In this tutorial, we will use data files as input. We will start with the most basic ways of importing data using core Python functions, then use Numpy and the data analysis package Pandas.

First we will use a small CTD calibration data set and use it to understand how to work with 2-D arrays.

Then, we will work with a larger data set from the 2013 West Coast Ocean Acidification cruise on the R/V Pt. Sur.

In [12]:
import numpy as np
from scipy import stats

### CTD calibration data

The lowest level method of using files as data input in Python is to work with file handles. The `open()` function loads the file into memory (that is, the computer's short-term memory where data can be accessed quickly). The file handle represents the location of the file in memory.

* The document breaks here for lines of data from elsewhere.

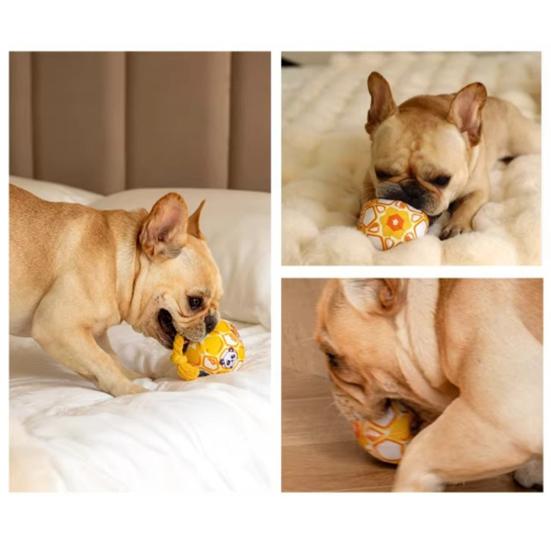 Plush Ball Dog Chew Toy Boredom Stress Relief Bite Resistant Squeaky Cartoon Ball Toy with Cotton Rope Pet Teething Cleaning Toy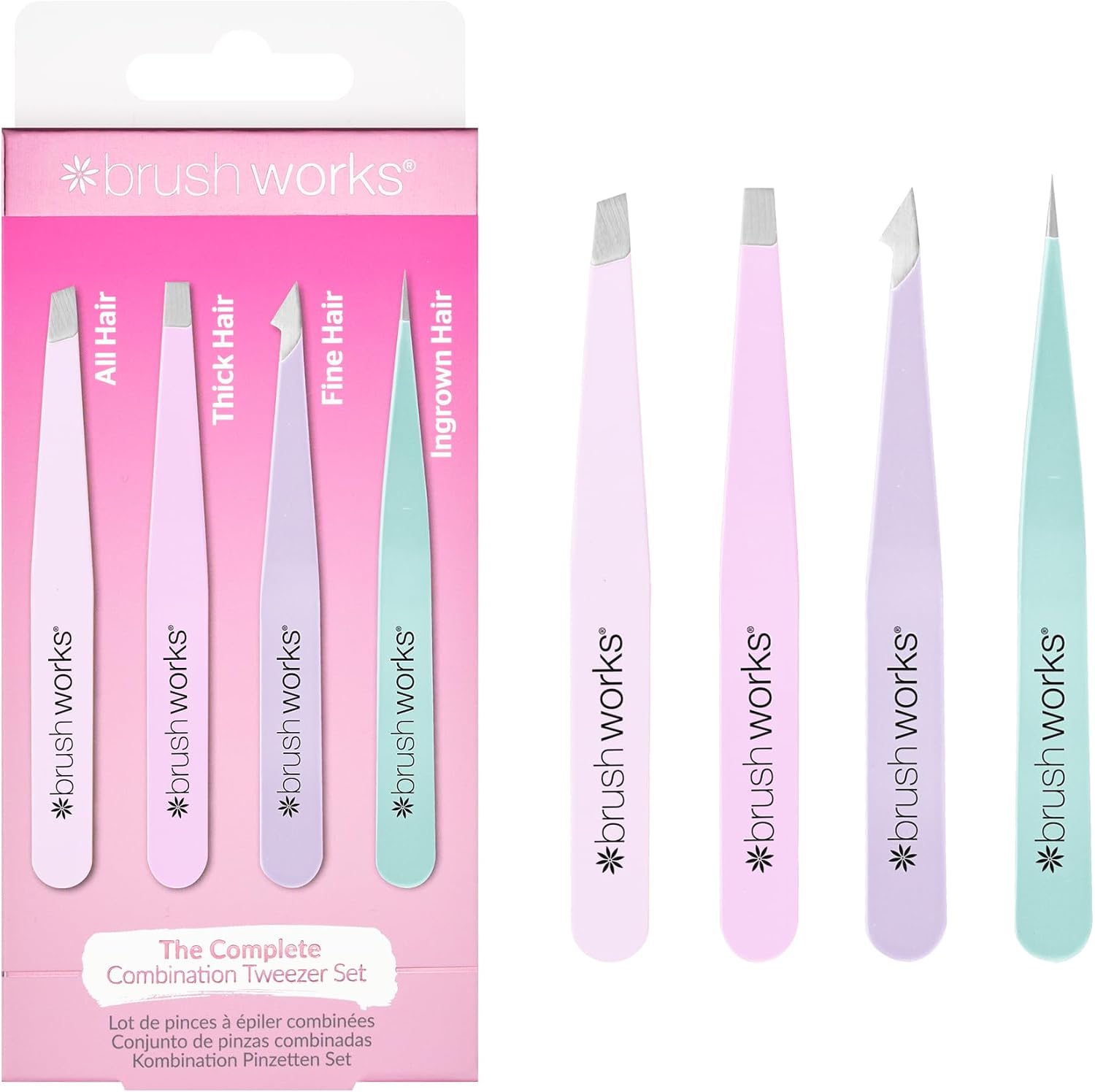 Brushworks HD 4 Piece Combination Tweezer Set - Pastels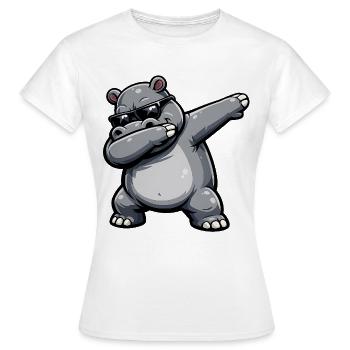 Dabbing Nilpferd - Frauen T-Shirt - Weiß - Vorne - AI Model Female 172 dark (172cm)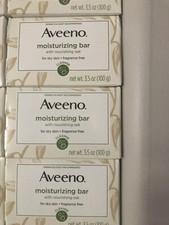 3 AVEENO Active Naturals Moisturizing Bar Soap For Dry Skin Frag Free 3.5oz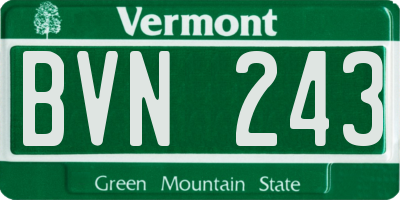 VT license plate BVN243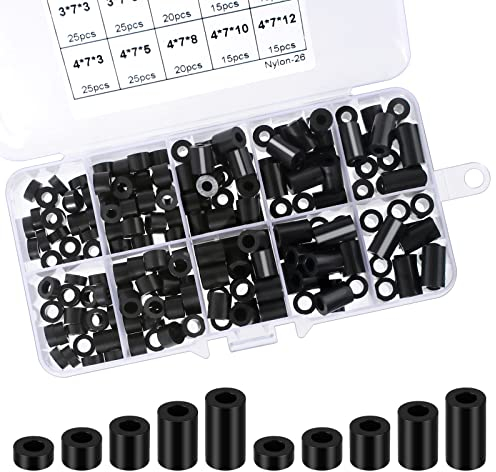 200 Stück Distanzhülsen M3 M4 Kunststoff Runde Spacer Unterlegscheibe, Runde Abstandshalter 3mm bis 12mm Länge Nylon Unterlegscheiben mit Aufbewahrungsbox, Schwarz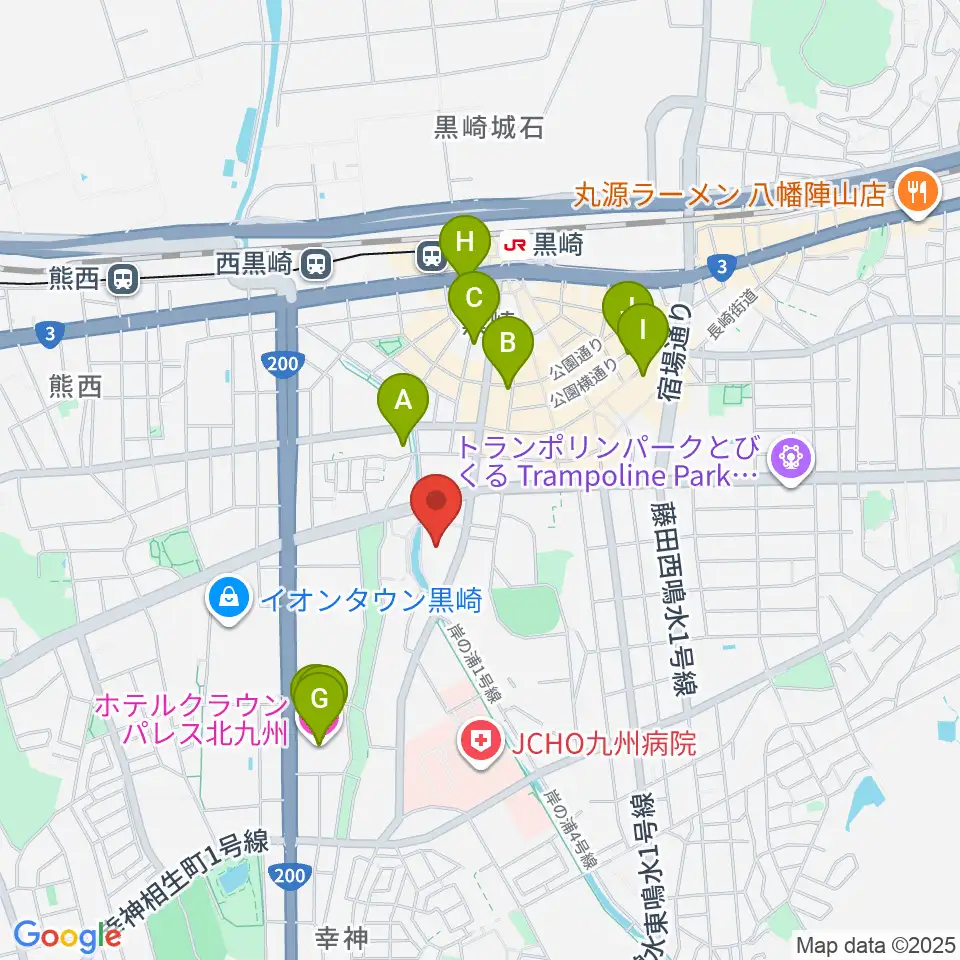 黒崎ひびしんホール周辺のホテル一覧地図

The first file that we will work with is data from Table 10.1 of McKillup and Dyar, Geostatistics Explained, Cambridge University Press, 2010.

Values are the weight percent of MgO present in tourmalines from three locations in Maine.
Each CSV file contains the same data in a different format.

In [13]:
filename = 'data/week02_MgO_data_example/MgO_Maine.csv'
fhand = open(filename)
fhand.read()

'Mount Mica,Sebago Batholith,Black Mountain\n7,         4,               1\n8,         5,               2\n10,        7,               4\n11,        8,               5\n'

Here `\n` represents a newline character. Newline characters are always present in text files, but text files make them invisible and display a new line.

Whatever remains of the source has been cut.